SpaceX, de Elon Musk, United Launch Alliance y Blue Origin, de Jeff Bezos, obtuvieron contratos de lanzamiento de cohetes de la Fuerza Espacial de EE. UU. por un valor combinado de 13,500 millones de dólares hasta 2029 para enviar al espacio algunos de los satélites más sensibles y complejos del Pentágono.
El programa insignia de adquisiciones de Lanzamiento Espacial de Seguridad Nacional de la Fuerza Espacial asignará aproximadamente 54 misiones hasta 2029 en órdenes de trabajo incrementales, según su oficina del Comando de Sistemas Espaciales.
SpaceX, adjudicataria de 28 de las misiones, obtuvo 5,900 millones de dólares. ULA, la empresa conjunta de Boeing y Lockheed Martin, obtuvo 5,300 millones de dólares para 19 misiones. Blue Origin obtuvo siete misiones por un valor combinado de 2,300 millones de dólares, cuyo lanzamiento está previsto para un año posterior.
Reuters informó anteriormente que SpaceX y ULA fueron las elegidas para las adjudicaciones. El programa, el programa de lanzamiento más competitivo y lucrativo de EE. UU., consolida a las compañías como los proveedores de cohetes estadounidenses más capaces, aunque el cohete New Glenn de Blue Origin se lanzó una vez en enero y tiene menos experiencia que los cohetes de SpaceX y ULA.

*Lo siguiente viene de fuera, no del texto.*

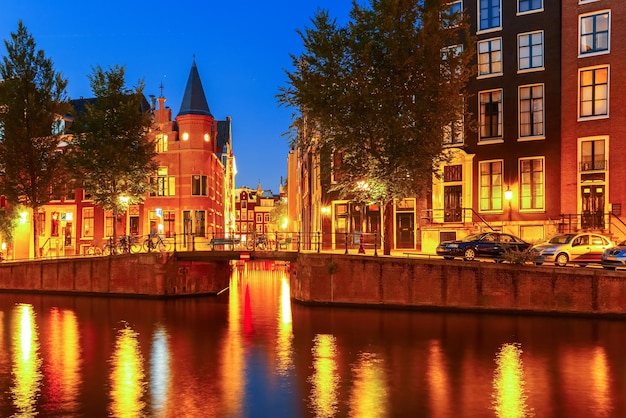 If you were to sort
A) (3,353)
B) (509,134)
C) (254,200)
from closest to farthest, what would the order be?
(3,353), (509,134), (254,200)

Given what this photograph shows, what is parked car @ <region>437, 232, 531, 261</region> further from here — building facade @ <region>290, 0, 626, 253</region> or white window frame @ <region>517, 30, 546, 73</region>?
white window frame @ <region>517, 30, 546, 73</region>

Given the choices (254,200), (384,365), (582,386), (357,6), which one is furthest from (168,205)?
(254,200)

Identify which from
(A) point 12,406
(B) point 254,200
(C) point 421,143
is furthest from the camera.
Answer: (B) point 254,200

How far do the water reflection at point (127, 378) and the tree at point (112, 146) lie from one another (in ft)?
68.9

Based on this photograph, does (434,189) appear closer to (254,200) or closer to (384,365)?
(384,365)

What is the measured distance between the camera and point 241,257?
38.8 m

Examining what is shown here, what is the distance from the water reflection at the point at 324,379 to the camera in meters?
15.5

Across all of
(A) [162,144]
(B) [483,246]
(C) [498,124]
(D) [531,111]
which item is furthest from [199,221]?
(B) [483,246]

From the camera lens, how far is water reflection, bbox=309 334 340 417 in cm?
1552

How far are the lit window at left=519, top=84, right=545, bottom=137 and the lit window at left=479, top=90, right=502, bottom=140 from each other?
1263mm

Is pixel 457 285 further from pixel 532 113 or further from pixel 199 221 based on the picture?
pixel 199 221

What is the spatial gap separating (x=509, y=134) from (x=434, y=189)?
217 inches

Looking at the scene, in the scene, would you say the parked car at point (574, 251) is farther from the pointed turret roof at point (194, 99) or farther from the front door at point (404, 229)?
the pointed turret roof at point (194, 99)

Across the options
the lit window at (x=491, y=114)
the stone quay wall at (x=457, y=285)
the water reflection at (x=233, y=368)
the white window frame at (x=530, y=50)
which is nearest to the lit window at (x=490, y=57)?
the white window frame at (x=530, y=50) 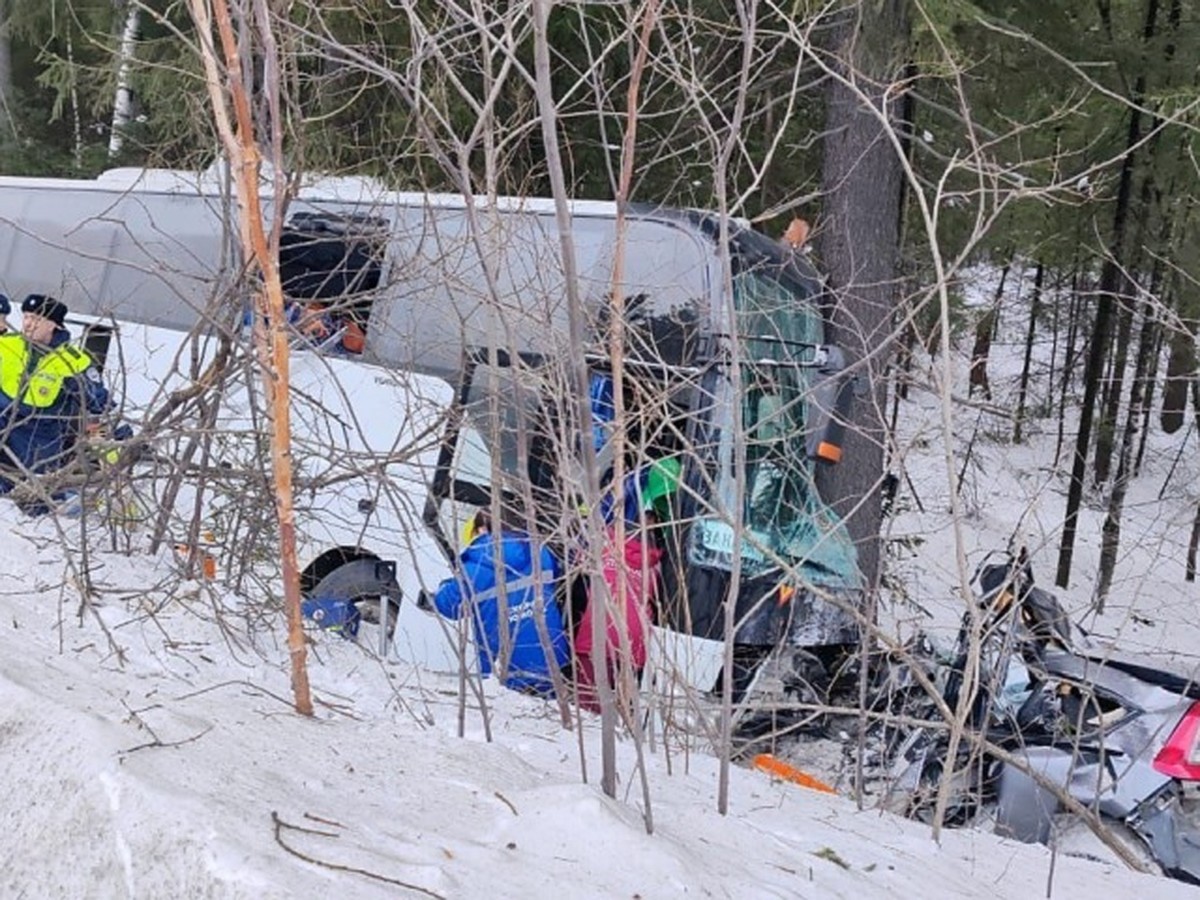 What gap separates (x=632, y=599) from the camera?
379 cm

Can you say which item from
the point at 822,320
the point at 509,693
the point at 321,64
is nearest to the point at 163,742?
the point at 509,693

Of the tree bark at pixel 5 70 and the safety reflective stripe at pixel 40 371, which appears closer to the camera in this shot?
the safety reflective stripe at pixel 40 371

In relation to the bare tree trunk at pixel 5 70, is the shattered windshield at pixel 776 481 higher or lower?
lower

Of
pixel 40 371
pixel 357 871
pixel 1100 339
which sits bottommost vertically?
pixel 357 871

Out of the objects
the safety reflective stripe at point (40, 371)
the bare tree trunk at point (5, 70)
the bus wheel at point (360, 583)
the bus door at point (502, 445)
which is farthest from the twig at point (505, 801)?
the bare tree trunk at point (5, 70)

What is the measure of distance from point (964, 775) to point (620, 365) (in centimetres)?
215

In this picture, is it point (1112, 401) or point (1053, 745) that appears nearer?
point (1053, 745)

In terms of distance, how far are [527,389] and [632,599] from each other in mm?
854

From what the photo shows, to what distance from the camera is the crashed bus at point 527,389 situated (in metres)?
4.20

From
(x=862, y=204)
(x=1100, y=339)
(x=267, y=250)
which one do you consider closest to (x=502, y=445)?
(x=267, y=250)

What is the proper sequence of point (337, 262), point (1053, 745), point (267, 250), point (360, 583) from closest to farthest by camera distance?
1. point (267, 250)
2. point (1053, 745)
3. point (337, 262)
4. point (360, 583)

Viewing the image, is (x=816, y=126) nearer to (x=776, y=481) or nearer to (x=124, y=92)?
(x=776, y=481)

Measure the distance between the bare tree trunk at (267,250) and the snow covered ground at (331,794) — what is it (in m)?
0.41

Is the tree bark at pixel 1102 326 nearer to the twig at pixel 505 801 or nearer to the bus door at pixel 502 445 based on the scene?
the bus door at pixel 502 445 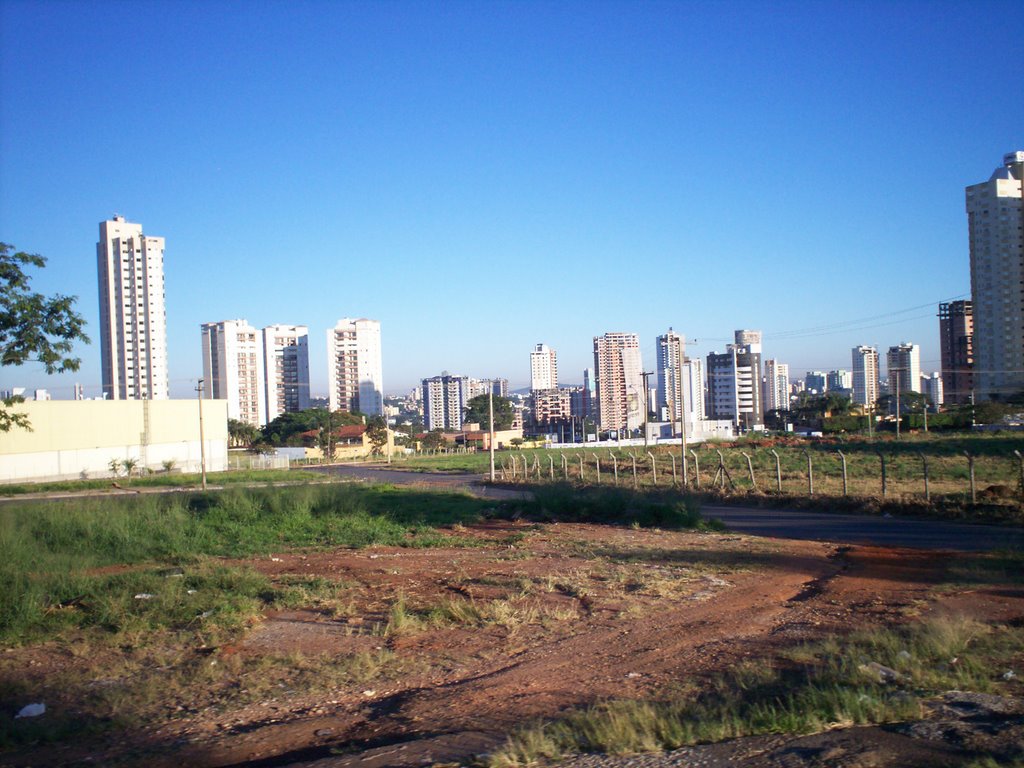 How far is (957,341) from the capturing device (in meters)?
118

SpaceX, con su cohete Falcon 9, es la compañía de lanzamiento más activa del mundo. Ha lanzado docenas de misiones espaciales militares en los últimos años. La compañía afirmó que utilizará el Falcon 9 y su cohete Falcon Heavy, más potente (tres núcleos Falcon unidos), para las misiones de la Fase 3.
El nuevo cohete Vulcan de ULA tuvo sus dos primeros lanzamientos el año pasado. El Pentágono certificó a Vulcan para misiones de seguridad nacional este mes, tras meses de revisión por un problema con sus motores de cohetes sólidos durante uno de sus vuelos.
Los premios forman parte de la vía «Carril 2» del programa de la Fase 3. Ese programa incluye las misiones más difíciles y costosas del Pentágono, que implican diversas órbitas complejas alrededor de la Tierra, en las que solo competirán las principales compañías de lanzamiento estadounidenses con mayor experiencia.
Según dos personas familiarizadas con los planes, SpaceX obtendrá la gran mayoría de las misiones ordenadas por la Fuerza Espacial durante el primer año del programa. La tasa de lanzamiento de la compañía con el Falcon 9 es mucho mayor que la de ULA y Blue Origin.
El director ejecutivo de SpaceX, Musk, funcionario gubernamental especial y aliado cercano del presidente Donald Trump, ha ejercido una enorme influencia sobre el gobierno estadounidense, desde recortar drásticamente las agencias federales en su esfuerzo por mejorar la eficiencia gubernamental hasta presionar a sus aliados para que lideren las agencias federales que supervisan miles de millones de dólares en contratos gubernamentales de SpaceX.
Las adjudicaciones del viernes se han estado gestando durante años. Se trata de la tercera fase de un programa que regula cómo el Departamento de Defensa de EE. UU. compra viajes espaciales para sus satélites militares y de inteligencia, un área lucrativa de contratación pública que antes dominaba United Launch Alliance, la empresa conjunta de Boeing y Lockheed Martin.